Source records:
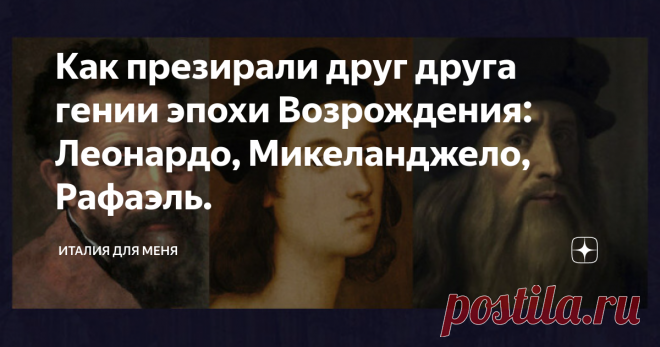 Как презирали друг друга гении эпохи Возрождения: Леонардо, Микеланджело, Рафаэль. Три титана эпохи Возрождения: Леонардо да Винчи, Микеланджело Буанарроти и Рафаэль Санти. Уже при жизни все трое были легендами. Все они были современниками,  хотя и не ровесниками, сосуществовали какое-то время  в один исторический период и были, так или иначе, знакомы друг с другом и  достижениями друг друга. Как ладили между собой гениальные итальянцы?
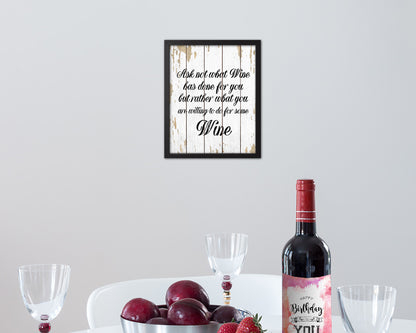 Ask not what wine has done for you Quote Wood Framed Print Wall Decor Art Gifts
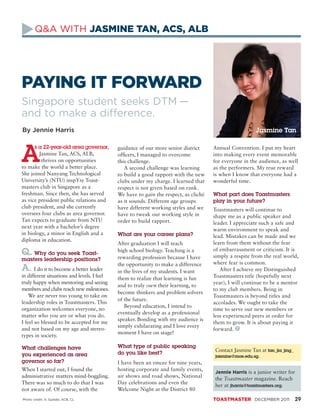 Q&A WITH JASMINE TAN, ACS, ALB




PAYING IT FORWARD
Singapore student seeks DTM —
and to make a difference.
By Jennie Harris                                                                                        Jasmine Tan

      s a 22-year-old area governor,         guidance of our more senior district     Annual Convention. I put my heart
        Jasmine Tan, ACS, ALB,               officers, I managed to overcome          into making every event memorable
         thrives on opportunities            this challenge.                          for everyone in the audience, as well
to make the world a better place.               A second challenge was learning       as the performers. My true reward
She joined Nanyang Technological             to build a good rapport with the new     is when I know that everyone had a
University’s (NTU) inspYre Toast­            clubs under my charge. I learned that    wonderful time.
masters club in Singapore as a               respect is not given based on rank.
freshman. Since then, she has served         We have to gain the respect, as cliché   What part does Toastmasters
as vice president public relations and       as it sounds. Different age groups       play in your future?
club president, and she currently            have different working styles and we     Toastmasters will continue to
oversees four clubs as area governor.        have to tweak our working style in       shape me as a public speaker and
Tan expects to graduate from NTU             order to build rapport.                  leader. I appreciate such a safe and
next year with a bachelor’s degree
                                                                                      warm environment to speak and
in biology, a minor in English and a         What are your career plans?              lead. Mistakes can be made and we
diploma in education.
                                             After graduation I will teach            learn from them without the fear
Q. Why do you seek Toast-                    high school biology. Teaching is a
                                             rewarding profession because I have
                                                                                      of embarrassment or criticism. It is
                                                                                      simply a respite from the real world,
masters leadership positions?
                                             the opportunity to make a difference     where fear is common.
A. I do it to become a better leader         in the lives of my students. I want         After I achieve my Distinguished
in different situations and levels. I feel   them to realize that learning is fun     Toastmasters title (hopefully next
truly happy when mentoring and seeing                                                 year), I will continue to be a mentor
                                             and to truly own their learning, to
members and clubs reach new milestones.                                               to my club members. Being in
                                             become thinkers and problem solvers
    We are never too young to take on                                                 Toastmasters is beyond titles and
                                             of the future.
leadership roles in Toastmasters. This                                                accolades. We ought to take the
                                                Beyond education, I intend to
organization welcomes everyone, no                                                    time to serve our new members or
                                             eventually develop as a professional
matter who you are or what you do.                                                    less experienced peers in order for
                                             speaker. Bonding with my audience is
I feel so blessed to be accepted for me                                               them to grow. It is about paying it
                                             simply exhilarating and I love every
and not based on my age and stereo­                                                   forward. T
                                             moment I have on stage!
types in society.

What challenges have                         What type of public speaking
                                                                                      Contact Jasmine Tan at tan_jia_jing_
you ex­ erienced as area
      p                                      do you like best?
                                                                                      jasmine@moe.edu.sg.
governor so far?                             I have been an emcee for nine years,
When I started out, I found the              hosting corporate and family events,
                                                                                      Jennie Harris is a junior writer for
administrative matters mind-boggling.        air shows and road shows, National
                                                                                      the Toastmaster magazine. Reach
There was so much to do that I was           Day celebrations and even the
                                                                                      her at jharris@toastmasters.org.
not aware of. Of course, with the            Welcome Night at the District 80
Photo credit: A. Syalabi, ACB, CL                                                     TOASTMASTER DECEMBER 2011              29
 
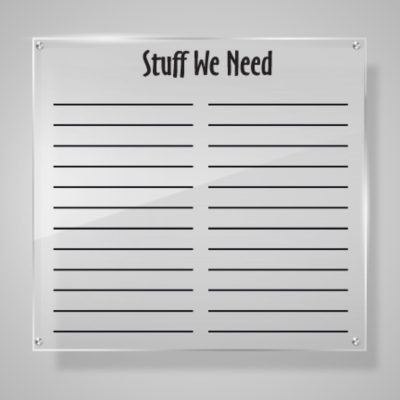 10" x 10" Stuff We Need Acrylic Sign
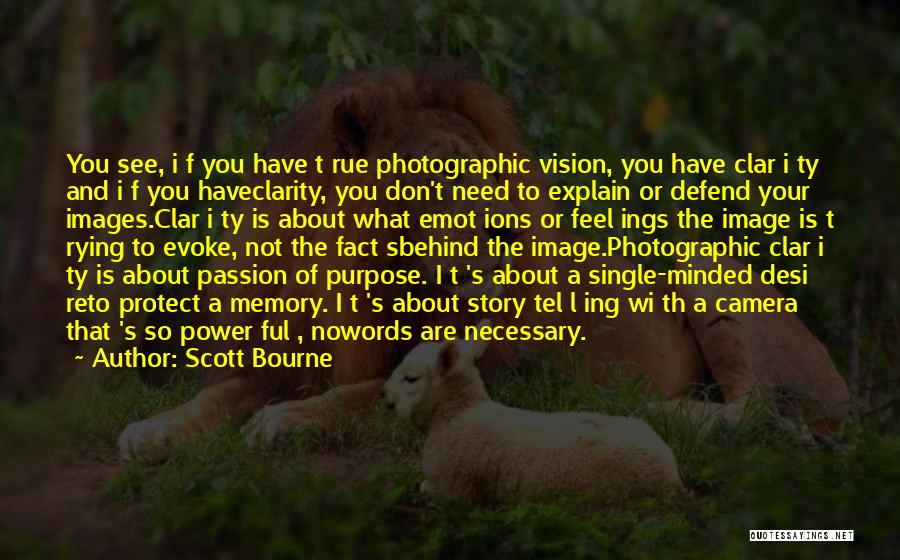 Memory And Photography Quotes By Scott Bourne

- [Exercise aim]
For this task, write out exactly the lines of the entries above, starting at the line with "After graduation I" and ending at the line with "and to truly", both included, and no others.

- [Response]
                                             After graduation I will teach            learn from them without the fear
Q. Why do you seek Toast-                    high school biology. Teaching is a
                                             rewarding profession because I have
                                                                                      of embarrassment or criticism. It is
                                                                                      simply a respite from the real world,
masters leadership positions?
                                             the opportunity to make a difference     where fear is common.
A. I do it to become a better leader         in the lives of my students. I want         After I achieve my Distinguished
in different situations and levels. I feel   them to realize that learning is fun     Toastmasters title (hopefully next
truly happy when mentoring and seeing                                                 year), I will continue to be a mentor
                                             and to truly own their learning, to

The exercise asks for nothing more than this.